Logging in Compliant ML

Owner	Approvers	Participants
Daniel Miller	Jeff Omhover	AML DS Team

In many corporations, data scientists are working to build and train machine learning models under extremely strict compliance and privacy requirements. These can include:

Being unable to directly access or view the customer data used to train a model.
Being unable to run unsigned code against customer data, except possibly in specialized compute clusters with no network access and other hardening in place.
All training logs removed, except possibly those starting with some fixed prefix (e.g., SystemLog:).

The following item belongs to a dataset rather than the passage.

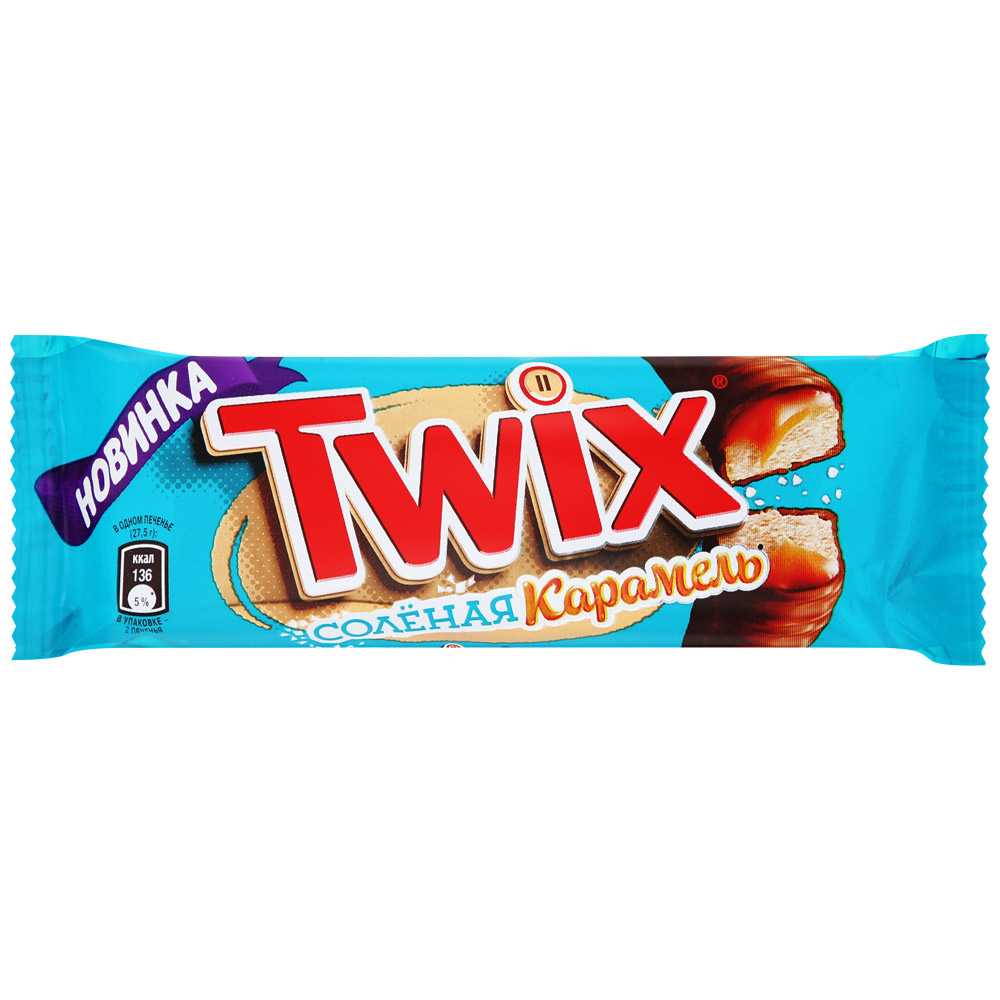 Шоколадный батончик twix — калорийность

Machine learning is already a hard problem — building and training models under these constraints is even more difficult. This RFC (Request For Comment) proposes the code patterns and expected behavior of a to-be-written logging utility for compliant machine learning. It begins by outlining the requirements this utility would need to satisfy, then gives a concrete proposal with sample code. It proceeds to outline some alternatives, along with known risks of the proposal.

The following topics are out of scope for this RFC:

How to implement the proposed behavior. It considers only usage patterns and the intended behavior of the logging utility library.
Compliant argument parsing.
Compliant exception handling (how to keep and prefix the stack trace and exception type, while scrubbing exception messages).
Languages besides Python.

Requirements

Every call to log a message should be forced to include information on whether the message is "safe" (does not contain any customer or sensitive data). If the message is safe, the log line should be mutated to contain a configurable prefix (e.g., SystemLog:).

The default behavior of this library should be to not add the "don't scrub" prefix. It should only add that prefix if a conscious decision has been made, possibly by choosing a different method name or parameter value.

This library should not rely on users naming variables "well". That is, if a user accidentally names a logger safeLogger, there should be no data leak if that logger was not pre-configured on some special way.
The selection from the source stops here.